SiteSucker allows you to specify an executable script that will run before or after each downloaded HTML file is analyzed. The script can modify the HTML file as well as return URLs that SiteSucker can download if permitted by the other settings. SiteSucker will accept a shell script, perl script, or python script, but you cannot use an AppleScript.
SiteSucker passes two arguments to the script. The first argument is the path to the HTML file, and the second argument is the URL that was used to download the HTML file. The script can return absolute or relative URLs to SiteSucker by writing them to standard output. The URLs written to standard output should be UTF-8 encoded and separated by newline characters. If the URL is enclosed in quotation marks (") in the HTML file, the URL written to standard output should also be enclosed in quotation marks. This will reduce the likelihood of errors when the URL is localized in the HTML file. If a relative URL is returned, SiteSucker will not bother localizing the URL in the HTML file.
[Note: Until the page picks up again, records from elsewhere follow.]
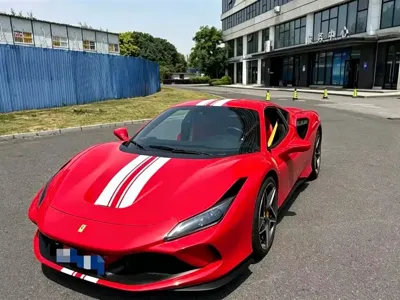Ferrari F8
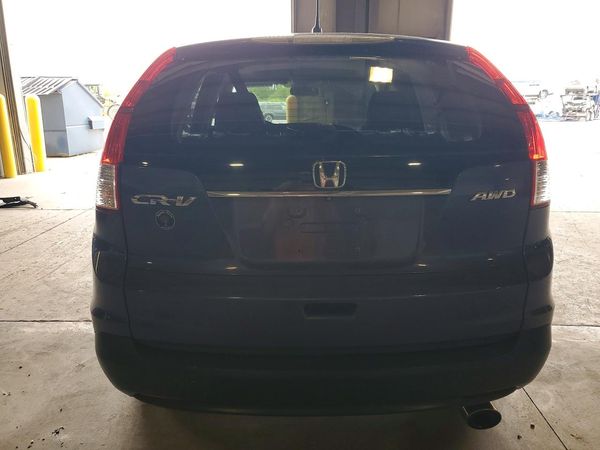 2014 HONDA CRV EX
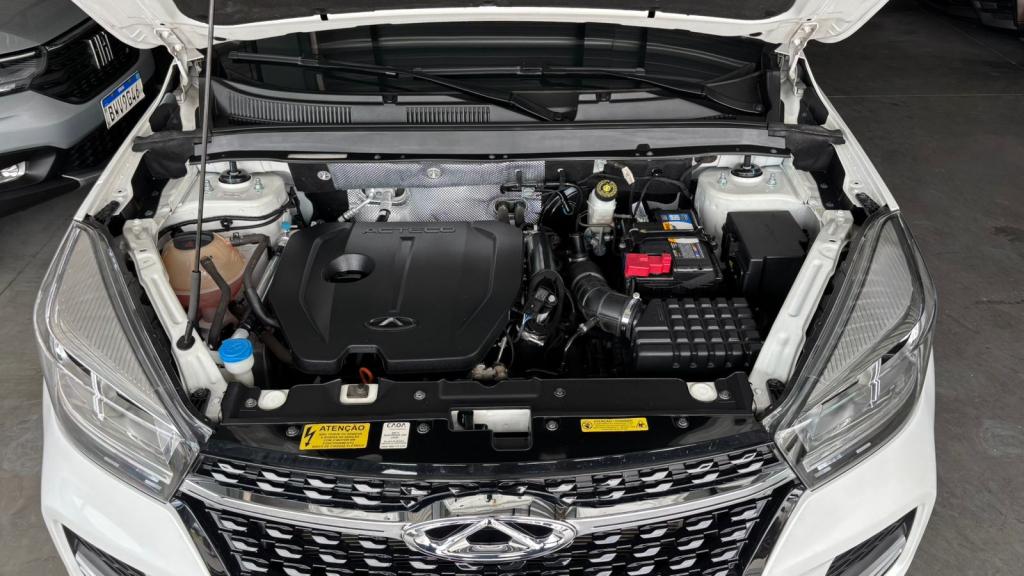 CHERY Tiggo 5X - Foto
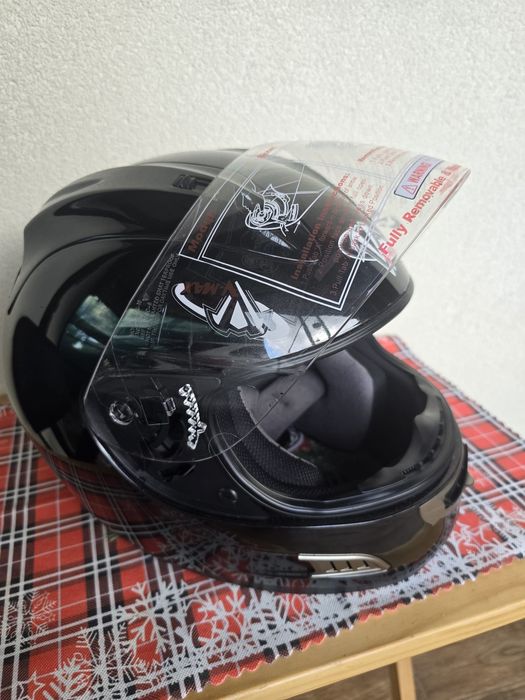 Casca moto V-Max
After your script is created, place it in the user scripts folder for SiteSucker:
You can quickly open this folder by clicking the Open Scripts Folder button in the Script pane of the Settings dialog. Before it will show up in the pop up controls, the script must be executable. You can use the following commands in the Terminal app to make the script executable:
cd ~/Library/Application\ Scripts/us.sitesucker.mac.sitesucker
chmod +x script
The Script pane of the Settings dialog provides the following controls:
Use this control to specify an executable script that will run before each downloaded HTML file is analyzed.
Use this control to specify an executable script that will run after each downloaded HTML file is analyzed.
Open Scripts Folder
Use this control to open the folder where your scripts must be located.